"Ingin pindah kerja juga Mbak? Mungkin bisa menjadi koki."
     "Aku nggak bisa masakan western," keluh Sinta. "Jadi tukang cuci piring juga nggak apa-apa kalau bayarannya besar.
     "Ini restoran Cina dan masakan Asia. Boleh dicoba, Mbak."
     "Kamu dulu, gimana kondisinya, nanti aku bisa menyusul."
     Selesai membersihkan ruang, Sinta ingin segera mandi. Satu jam lagi dia akan chatting dengan Eko dan Dina untuk mengetahui keadaan mereka. Perbedaan waktu  dua belas jam antara Amerika dan Indonesia memudahkan mereka berkomunikasi. Eko dan Dina sudah di rumah pada malam hari sedangkan Sinta di sini punya waktu beberapa saat untuk berbicara  dengan mereka sebelum berangkat kerja.
     Seperangkat komputer  yang dibeli patungan dengan Ratri  diletakkan di ruang tengah. Dengan begitu mereka  bisa dipakai  bersama secara bergantian. Mungkin lebih baik membeli laptop supaya bisa membawanya ke kamar  agar lebih bebas membicarakan hal-hal pribadi.
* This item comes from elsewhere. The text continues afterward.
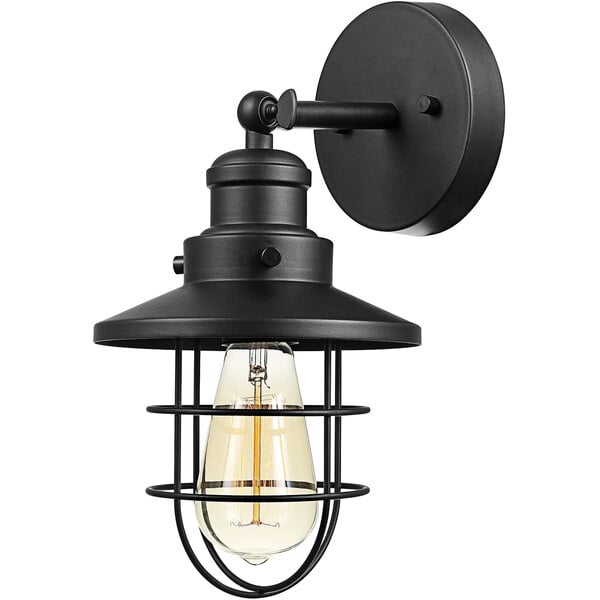 A dark bronze wall sconce with a removable cage covering a light bulb.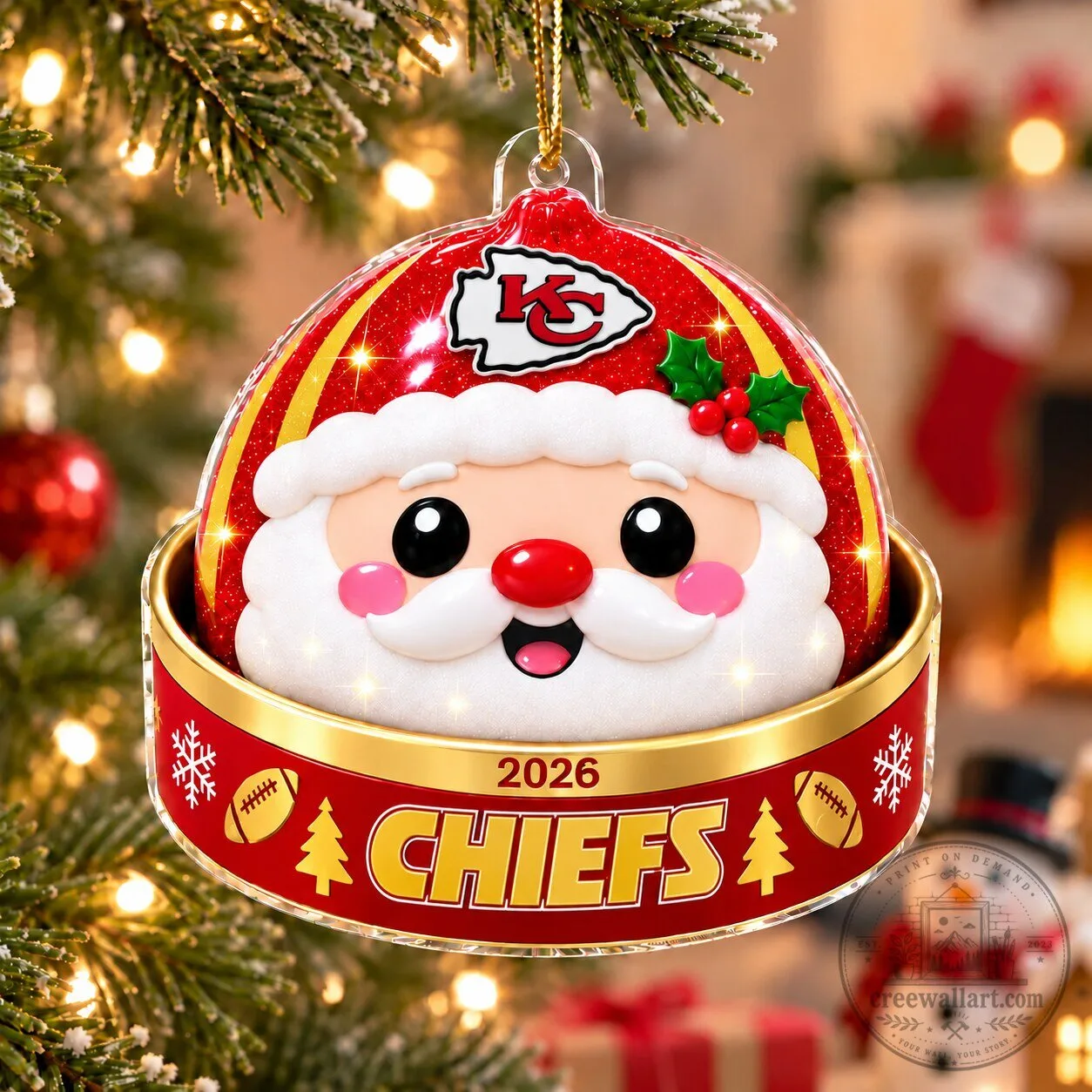 Kansas City Chiefs Santa Claus Christmas Tree Ornament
Tetapi masih bisa menunggu dua atau tiga bulan ke depan. Biasanya shift kerjanya berlawanan dengan Ratri sehingga dia bebas menggunakan komputer itu ketika Ratri pergi. Begitu juga sebaliknya  dengan Ratri  yang lebih sering  menggunakan komputer  pada waktu malam. Berkomunikasi dengan teman dan anggota keluarganya di samping juga menjelajah dunia maya untuk mendapatkan teman-teman baru dan informasi-informasi penting lainnya. Mencari pekerjaan pun bisa dilakukan dengan mudah lewat internet.
       Ketika Sinta menghidupkan komputer itu, Ratri membawakan sandwich dan secangkir  teh panas. Sandwich berisi telur ceplok  ditambah selada dan tomat tanpa irisan timun dan bawang Bombay. Sedikit saos tomat  dan mayonnaise sebagai perasa untuk semua bahan yang masih terasa tawar. Tehnya masih mengepulkan asap tapi Sinta sudah menduga kalau rasanya pasti terlalu manis. Sinta sudah empat puluh tiga sehingga merasa harus mengurangi yang manis-manis. Diabetes menjadi ancaman serius bagi kebanyakan perempuan Indonesia di atas empat puluh. Meskipun bukan keturunan penderita diabetes, Sinta tetap harus berhati-hati menjaga pola makannya.
       "Bagaimana kabar keluarga Mbak?" Ratri sedang berbasa-basi ketika duduk  di seberang meja komputer itu.
       "Mas Eko mulai kewalahan mengurus Dina. Sudah ABG . Mulai sering main ke luar rumah dengan teman-temannya."
       "Tapi  masih ada Bude  kan yang bisa membantu Mas Eko mengurus Dina?" Ratri menenangkan.
       "Bagaimana Bapak Ibu dan adik-adikmu ?" ganti Sinta bertanya mengimbangi kepedulian Ratri kepada keluarganya.